◆ EXERCISE DIRECTIONS: Search the listing below for "Photo". Copy each matching line.

* * * * * * *

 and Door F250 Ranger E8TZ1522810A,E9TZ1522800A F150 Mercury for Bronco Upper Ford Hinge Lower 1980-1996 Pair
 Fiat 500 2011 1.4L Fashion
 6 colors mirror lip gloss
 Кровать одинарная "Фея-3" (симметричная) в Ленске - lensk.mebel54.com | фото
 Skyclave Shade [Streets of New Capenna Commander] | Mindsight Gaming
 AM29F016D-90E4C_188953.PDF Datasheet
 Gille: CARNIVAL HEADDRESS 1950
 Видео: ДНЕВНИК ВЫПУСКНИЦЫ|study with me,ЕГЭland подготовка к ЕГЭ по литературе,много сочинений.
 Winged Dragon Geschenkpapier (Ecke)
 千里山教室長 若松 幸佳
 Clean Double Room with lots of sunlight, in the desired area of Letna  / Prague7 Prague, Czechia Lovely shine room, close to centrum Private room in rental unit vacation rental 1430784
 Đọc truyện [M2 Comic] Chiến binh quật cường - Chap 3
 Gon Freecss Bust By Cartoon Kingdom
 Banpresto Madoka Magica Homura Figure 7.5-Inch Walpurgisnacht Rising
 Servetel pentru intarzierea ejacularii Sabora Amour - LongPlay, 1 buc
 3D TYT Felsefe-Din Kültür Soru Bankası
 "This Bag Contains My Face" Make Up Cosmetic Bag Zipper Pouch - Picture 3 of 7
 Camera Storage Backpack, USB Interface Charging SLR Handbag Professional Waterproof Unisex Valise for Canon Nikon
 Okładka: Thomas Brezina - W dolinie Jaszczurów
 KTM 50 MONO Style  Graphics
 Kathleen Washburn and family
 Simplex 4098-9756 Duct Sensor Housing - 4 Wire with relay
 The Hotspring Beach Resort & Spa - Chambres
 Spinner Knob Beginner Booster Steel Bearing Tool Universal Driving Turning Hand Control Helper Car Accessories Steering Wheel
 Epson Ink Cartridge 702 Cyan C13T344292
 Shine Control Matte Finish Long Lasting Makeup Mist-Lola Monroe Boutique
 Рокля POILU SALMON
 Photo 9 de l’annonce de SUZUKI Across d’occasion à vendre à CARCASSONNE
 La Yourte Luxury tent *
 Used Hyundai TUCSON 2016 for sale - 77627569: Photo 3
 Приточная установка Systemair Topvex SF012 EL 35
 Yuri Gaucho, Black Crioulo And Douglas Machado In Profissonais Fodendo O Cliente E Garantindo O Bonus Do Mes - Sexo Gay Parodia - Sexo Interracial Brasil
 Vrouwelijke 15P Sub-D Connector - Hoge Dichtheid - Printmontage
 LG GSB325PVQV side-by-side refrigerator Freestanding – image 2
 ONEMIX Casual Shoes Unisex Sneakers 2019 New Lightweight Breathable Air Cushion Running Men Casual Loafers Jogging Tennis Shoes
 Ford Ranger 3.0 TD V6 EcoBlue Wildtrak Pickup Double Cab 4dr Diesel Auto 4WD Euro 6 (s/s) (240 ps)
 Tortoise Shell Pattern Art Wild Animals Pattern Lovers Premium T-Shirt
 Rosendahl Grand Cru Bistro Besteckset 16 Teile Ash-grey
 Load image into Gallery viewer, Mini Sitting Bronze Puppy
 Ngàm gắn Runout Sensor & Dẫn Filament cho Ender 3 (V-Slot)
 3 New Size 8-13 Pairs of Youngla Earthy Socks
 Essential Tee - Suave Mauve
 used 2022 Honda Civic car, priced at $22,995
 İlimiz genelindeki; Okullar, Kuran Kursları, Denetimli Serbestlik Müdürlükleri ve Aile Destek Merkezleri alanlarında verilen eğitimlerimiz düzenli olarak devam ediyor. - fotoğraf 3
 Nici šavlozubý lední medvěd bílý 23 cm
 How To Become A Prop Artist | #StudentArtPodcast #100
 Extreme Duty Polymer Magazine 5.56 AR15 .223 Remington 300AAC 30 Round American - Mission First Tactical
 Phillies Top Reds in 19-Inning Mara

* * * * * * *

◆ TASK RESPONSE:
 Photo 9 de l’annonce de SUZUKI Across d’occasion à vendre à CARCASSONNE
 Used Hyundai TUCSON 2016 for sale - 77627569: Photo 3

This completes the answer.